Half of the elementary schools in Los Angeles get federal money for remedial education, as do about a third of the district's 73 junior highs. In addition, smaller shares go to 10 senior high schools, 9 special education schools and 54 parochial schools.

Smaller Classes Required

Under a court order growing out of the desegregation battle, the Los Angeles district is also required to have smaller classes in the predominantly minority schools--27 students per teacher, compared to 32 per teacher in integrated or mostly Anglo schools.

The 10th Street School near downtown Los Angeles, another overcrowded facility enrolling more than 1,800 students, gets $805,000 in special funding, enough to put an aide in each of its 62 classes. But since more than 95% of its students are Latino and enter speaking Spanish, most of its outside funding comes through the bilingual education program.

"These are marvelous programs. I don't know what we would do without them," said Principal Edith Vaage.

Her school also uses the extra funds to "enrich" the educational program, by hiring part-time specialists in dance and computers, by offering "multicultural awareness programs" at school and by taking children on field trips around the area.

Education officials say they are pleased by the unprecedented array of programs and services offered elementary schoolchildren.

"When I was growing up in L.A., we had 37 children in a class and never saw an aide. And my parents were poor," said Principal McLinn.

Puzzled by Results

But, at the same time, many of the officials also are puzzled because the effort doesn't seem to be paying off when the students reach the higher grades.

Test scores and other measures of performance have shown a steady rise among younger children in Los Angeles and nationwide. But those same measures have fallen in the junior and senior high schools.

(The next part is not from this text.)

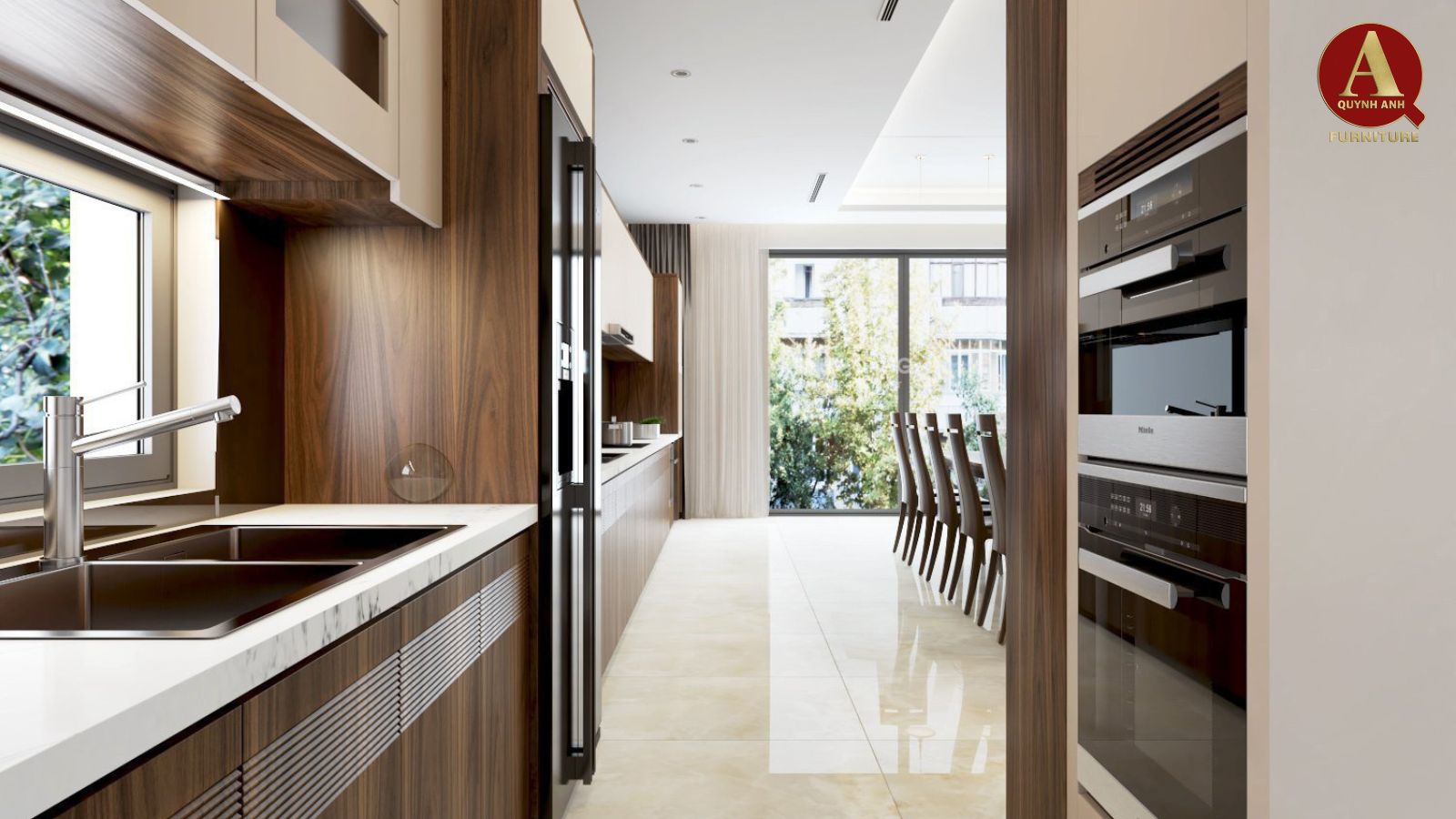 Gỗ óc cho Bắc Mỹ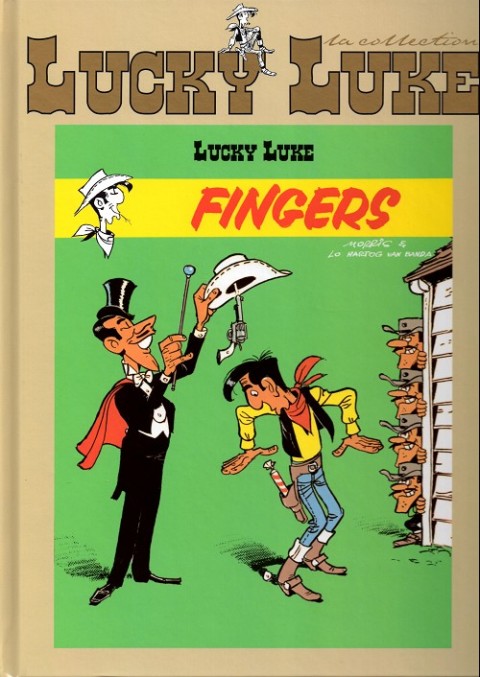 Couverture de l'album Lucky Luke La collection Tome 24 Fingers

Some officials say that schooling's impact on the older students is limited.

"There are more distractors now--the videos, the rock groups, TV and the sports stars making a million dollars a year," McLinn said. "There is not as much motivation for education."

Hopper, the district's program director, said young children in poor neighborhoods are doing better in reading. "It's not better by leaps and bounds, but we are making progress," she said.

But she too is concerned about the lack of progress in some inner-city neighborhoods.

"A lot of things have an impact on education that we can't control," she said. "Something is happening to kids, and it's not good. We can say it's TV, but I see them out on the streets at night, and they are not carrying TVs."